No, I'm afraid I can't.  Sorry.  It is the private property of a company.

Plus, its at the office...


----------



## manu1959

Toro said:


> An index of leading economic indicators I saw today says that we are out of a depression and merely into a recession.
> 
> It said we were in a depression in October.



the decline was so rapid from oct of 07 to october of 09 it was quite shocking......

i am not sure i believe that we are are at the bottom of the dive and climbing......

given you can't post it what were the three indicators that are trending flat or up form oct to now.....

remember   ..... "flat is the new up"


----------



## Toro

A better way of thinking about it is that the rate of decline is slowing, not that the economy has bottomed and is picking up.  

It is an index of 22 indicators.  The index just popped up on the last reading and may fall back down again, but it has been moving up from deep depression to just "depression" since February.  Now we are at recession.  In other words, the rate of decline has been slowing for about a month, which makes sense because the corporate bond market has opened up and deals are getting done.

Bloomberg.com: Worldwide

The rate of decline must slow before it can stabilize and begin picking up again.  That is where we are at now.

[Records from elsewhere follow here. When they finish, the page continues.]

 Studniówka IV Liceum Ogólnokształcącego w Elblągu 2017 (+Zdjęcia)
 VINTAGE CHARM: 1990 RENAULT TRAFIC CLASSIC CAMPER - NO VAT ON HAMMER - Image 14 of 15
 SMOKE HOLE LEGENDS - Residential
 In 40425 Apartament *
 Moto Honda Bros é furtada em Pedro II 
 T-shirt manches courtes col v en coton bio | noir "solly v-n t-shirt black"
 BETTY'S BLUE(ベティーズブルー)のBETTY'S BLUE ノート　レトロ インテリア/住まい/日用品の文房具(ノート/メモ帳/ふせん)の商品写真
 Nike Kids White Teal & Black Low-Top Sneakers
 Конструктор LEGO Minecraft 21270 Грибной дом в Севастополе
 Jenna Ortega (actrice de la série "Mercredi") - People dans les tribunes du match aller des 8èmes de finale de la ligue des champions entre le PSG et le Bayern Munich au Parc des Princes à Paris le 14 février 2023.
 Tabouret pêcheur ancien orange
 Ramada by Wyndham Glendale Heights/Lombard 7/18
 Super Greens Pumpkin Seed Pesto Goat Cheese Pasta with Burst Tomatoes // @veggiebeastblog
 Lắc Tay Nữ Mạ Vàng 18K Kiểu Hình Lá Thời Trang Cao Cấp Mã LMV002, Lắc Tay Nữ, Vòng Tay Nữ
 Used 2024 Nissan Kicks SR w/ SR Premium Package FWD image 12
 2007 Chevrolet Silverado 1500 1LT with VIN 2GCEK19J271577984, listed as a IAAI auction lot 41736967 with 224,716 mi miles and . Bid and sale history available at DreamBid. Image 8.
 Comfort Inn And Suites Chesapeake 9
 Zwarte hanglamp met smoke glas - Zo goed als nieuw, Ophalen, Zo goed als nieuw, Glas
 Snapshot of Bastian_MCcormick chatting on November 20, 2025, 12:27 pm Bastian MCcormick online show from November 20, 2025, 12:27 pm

It also showed that deflationary pressures are easing.

BTW, the average stock is trading at 6x-9x earnings, depending which way you want to measure it.  Those are depression type multiples.  The market is pricing in depression and deflation.  If the economy is now only "recession" and prices are stabilizing, a powerful counter-trend rally is in the offing.  From what level, I don't know, but it should be coming.


----------



## Ravi

Toro seems to agree with NPR. Listening to tonight's broadcast, though overall it seemed dire...it did sound as if things were looking up...claiming the market was reacting to yesterday's news and not to the near future.

We can hope for the best.


----------



## wimpy77

i was watching bloomberg this morning and they seemed to believe it was because of gm and china's vague economic plan details.


----------



## manu1959

Toro said:


> A better way of thinking about it is that the rate of decline is slowing, not that the economy has bottomed and is picking up.
> 
> It is an index of 22 indicators.  The index just popped up on the last reading and may fall back down again, but it has been moving up from deep depression to just "depression" since February.  Now we are at recession.  In other words, the rate of decline has been slowing for about a month, which makes sense because the corporate bond market has opened up and deals are getting done.
> 
> Bloomberg.com: Worldwide
> 
> The rate of decline must slow before it can stabilize and begin picking up again.  That is where we are at now.
> 
> It also showed that deflationary pressures are easing.
> 
> BTW, the average stock is trading at 6x-9x earnings, depending which way you want to measure it.  Those are depression type multiples.  The market is pricing in depression and deflation.  If the economy is now only "recession" and prices are stabilizing, a powerful counter-trend rally is in the offing.  From what level, I don't know, but it should be coming.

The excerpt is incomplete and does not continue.